India has signed agreement with Switzerland for automatic sharing of tax-related information from January 1, 2018 with an aim to combat black money.

Prior to it, India had to ask Switzerland for specific bits of information against the Indian account holder in Swiss banks. But due to its earlier secretive laws it could delay or deny information altogether.

Background

Switzerland always has been at centre of debate on black money allegedly stashed by Indians abroad. It is infamously known for very strong secrecy walls around its banking practices till few years ago. In recent past, huge global pressure has resulted in Switzerland relenting on tough secrecy clauses its local laws gave to banks.
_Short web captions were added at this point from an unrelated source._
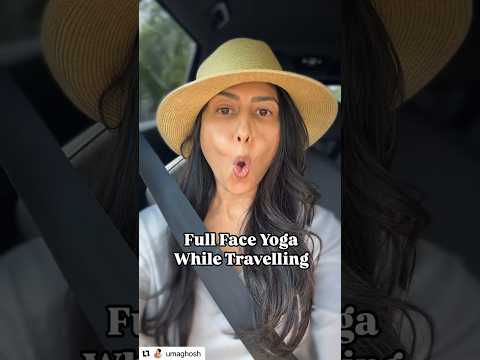 Full Face Yoga While Travelling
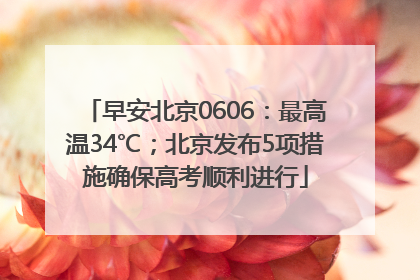 早安北京0606：最高温34℃；北京发布5项措施确保高考顺利进行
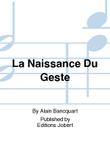 La Naissance Du Geste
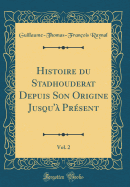 Histoire Du Stadhouderat Depuis Son Origine Jusqu'a Present, Vol. 2 (Classic Reprint)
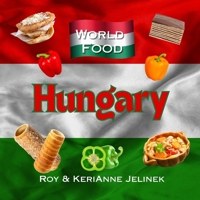 World Food: Hungary (Explore. Discover. Learn. Collection) 2883557500 Book Cover
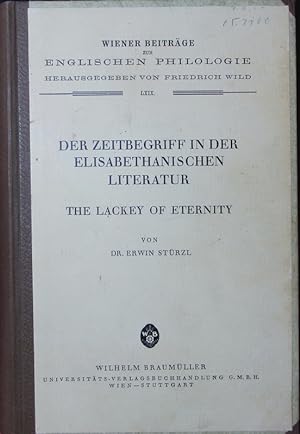 Bild des Verkufers fr Der Zeitbegriff in der elisabethanischen Literatur. the lackey of eternity. zum Verkauf von Antiquariat Bookfarm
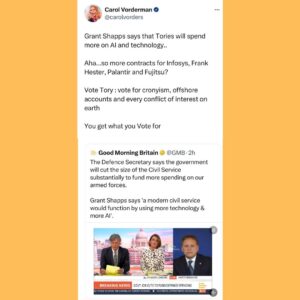 Carol Vorderman Instagram - A FEW DAYS IN THE TORY SEWER

Frank Hester’s company has received £400 million in govt IT contracts and has donated £15 million to the Tory party.  Last month it was revealed Hester said of Labour MP Diane Abbott that “she makes me want to hate all black women” and “she should be shot”. It’s now been revealed the Tories rewarded Hester with another contract for £4.4 million days later, even though the NHS England boss described his comments as “racist, sexist and violent”.

Grant Shapps Defence Secretary has said that Tories will find more than £20 billion of money by cutting civil servants and replacing them with IT.  So more contracts for Sunak’s family firm Infosys, the Post Office scandal company Fujitsu (Infosys and Fujitsu have a partnership) and for Frank Hester I guess?

Rishi Sunak forces through the disgraceful Rwanda Bill costing us £500 million to send 200 refugees to Rwanda and then we will receive a similar number of people seeking asylum FROM Rwanda to the UK.  Who’s profiting from all of this?  The morning after the Bill was passed, Sunak tweets a ‘Happy St George’s Day’ message minutes after the report of 5 refugees, including a child, drowning in the Channel.  Maybe just bad timing but ….

By the way, Ben Habib, deputy leader of the Reform UK Ltd Party tells Talk TV that he would leave refugees to drown rather than save them if a boat capsized in the Channel. Not a whiff of his comments in the Daily Mail or Express or Telegraph or BBC so far.

SIGN UP with us now for tactical voting advice. Type in your postcode with us at 
STOP THE TORIES. VOTE

Tory researcher close to the Security Minister is charged with spying for China… 

Ben Houchen, the Tory Teesside Mayor is up for election on May 2nd.  Local entrepreneur and Middlesborough FC Chairman Steve Gibson who had supported Houchen in the past says that Houchen has ‘sold the future of generations’ when Houchen’s appalling deal for Teesworks and Freeport gifted £500 million to two businessmen. Gibson now supports Labour.  If Houchen loses (polls say neck and neck with Labour) that could mean the end of Sunak.
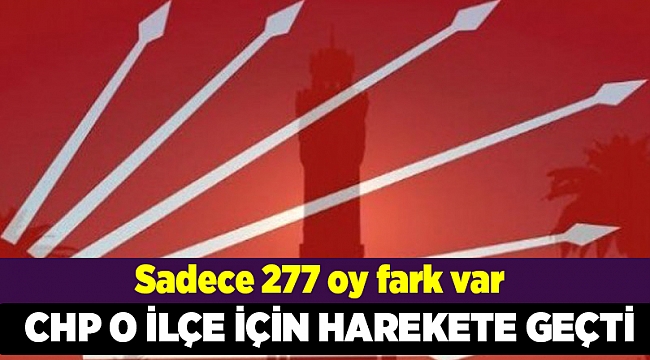 CHP o ilçe için harekete geçti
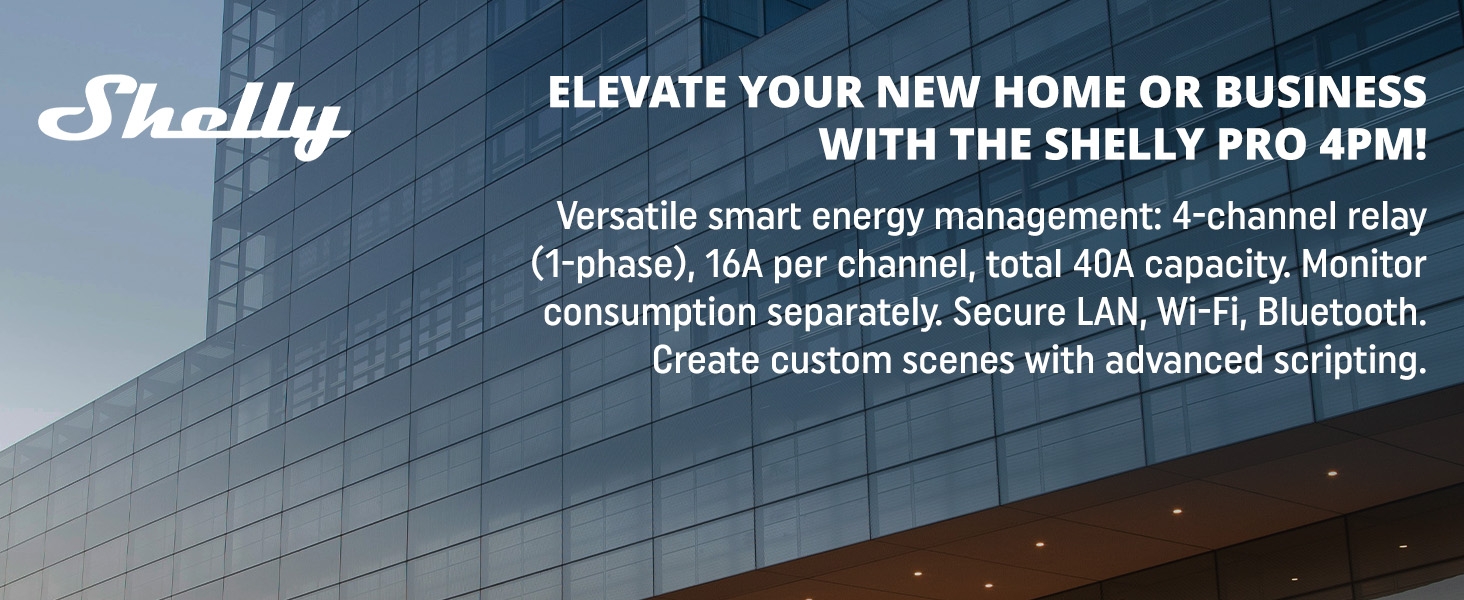 Shelly Pro 4PM Elevate your new Home or Business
The signing of agreement comes after completion of parliamentary procedure in Switzerland for changing domestic secretive banking laws and signing of mutual agreement between India and Switzerland. Both countries in November 2017 had signed a joint declaration for the implementation of Automatic Exchange of Information (AEOI). It provided that both countries will start collecting data in accordance with global standards in 2018 and exchange it from 2019 onwards. The AEOI conforms to norm set by Organisation for Economic Co-operation and Development (OECD) for tax transparency.

Significance

Under the automatic information exchange framework, confidentiality and data protection requirements is to be strictly followed. This process will ensure that signatory always maintains control over its exchange partners and treatment of data exchanged as per OECD norms. The automatic exchange of information will discourage Indians from stashing black money in Swiss banks.